- [Exercise aim]:
Return the material below exactly, but only from the line with "what-are-the-pros-and-cons-of-all-on-4-dental-implants" through the line with "DUSP4, Rabbit, Polyclonal", and without its pictures.

- [Exercise inputs]:
──────
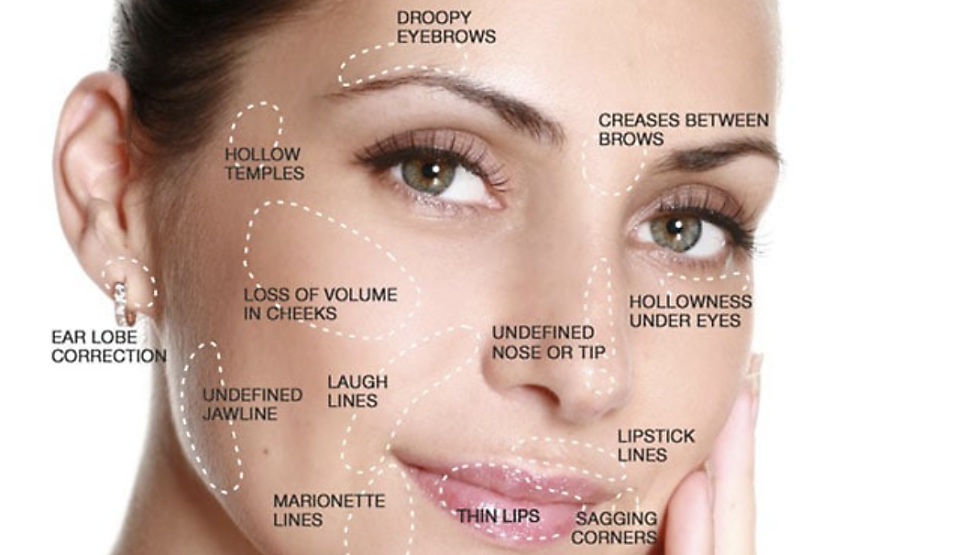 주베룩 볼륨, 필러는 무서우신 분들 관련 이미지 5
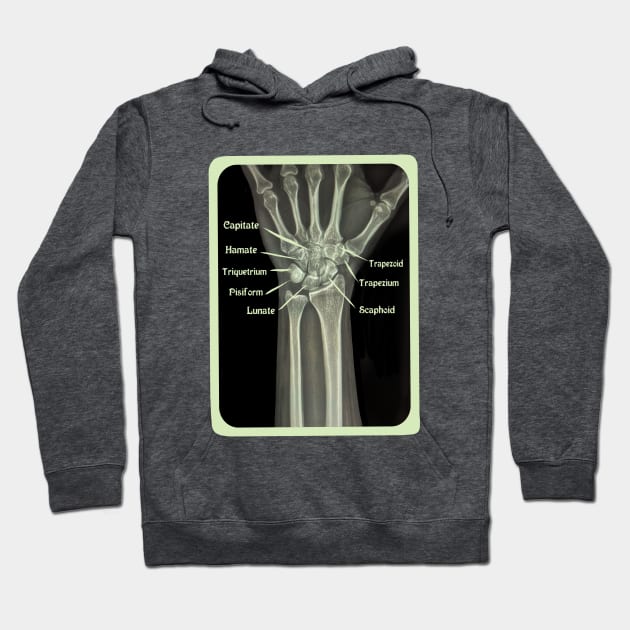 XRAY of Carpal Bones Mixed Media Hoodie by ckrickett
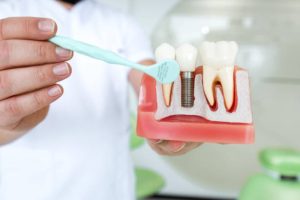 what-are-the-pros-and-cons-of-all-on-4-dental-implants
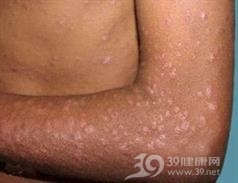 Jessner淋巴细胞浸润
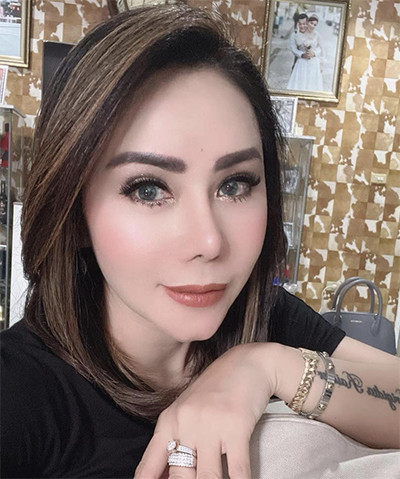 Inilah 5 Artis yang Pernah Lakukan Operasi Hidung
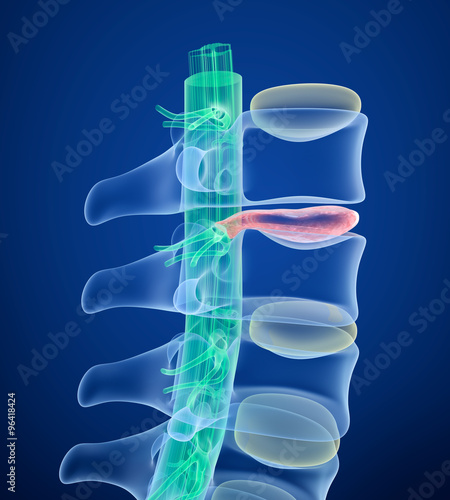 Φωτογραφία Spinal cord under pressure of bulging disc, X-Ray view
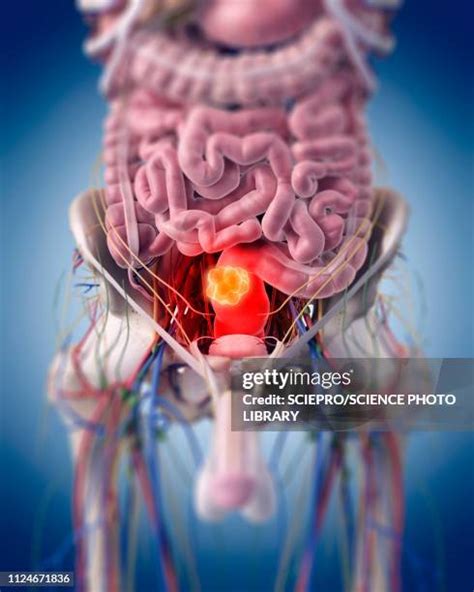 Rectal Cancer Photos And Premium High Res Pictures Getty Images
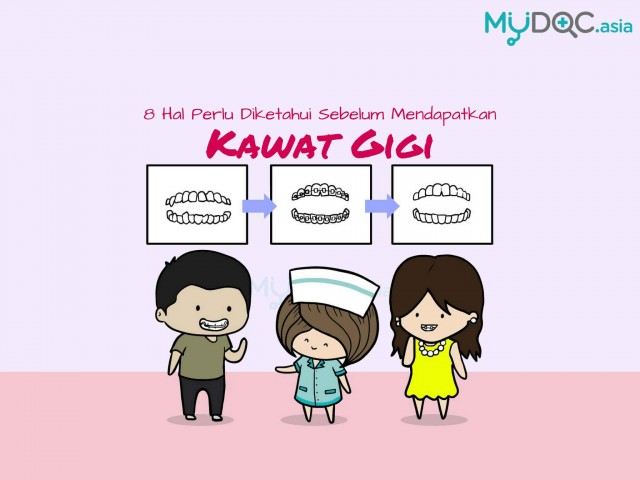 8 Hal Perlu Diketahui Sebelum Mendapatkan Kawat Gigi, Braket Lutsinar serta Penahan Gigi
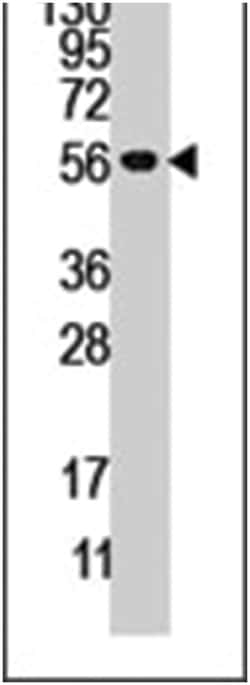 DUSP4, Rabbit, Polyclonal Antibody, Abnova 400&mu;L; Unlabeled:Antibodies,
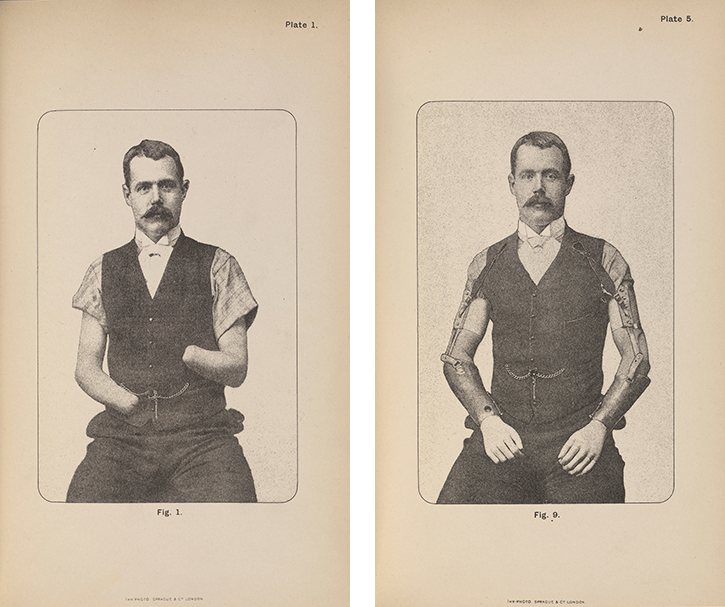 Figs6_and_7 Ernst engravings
──────
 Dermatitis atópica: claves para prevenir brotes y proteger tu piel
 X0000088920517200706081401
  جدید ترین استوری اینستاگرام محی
──────
- [Problem solution]:
 what-are-the-pros-and-cons-of-all-on-4-dental-implants
 Jessner淋巴细胞浸润
 Inilah 5 Artis yang Pernah Lakukan Operasi Hidung
 Φωτογραφία Spinal cord under pressure of bulging disc, X-Ray view
 Rectal Cancer Photos And Premium High Res Pictures Getty Images
 8 Hal Perlu Diketahui Sebelum Mendapatkan Kawat Gigi, Braket Lutsinar serta Penahan Gigi
 DUSP4, Rabbit, Polyclonal Antibody, Abnova 400&mu;L; Unlabeled:Antibodies,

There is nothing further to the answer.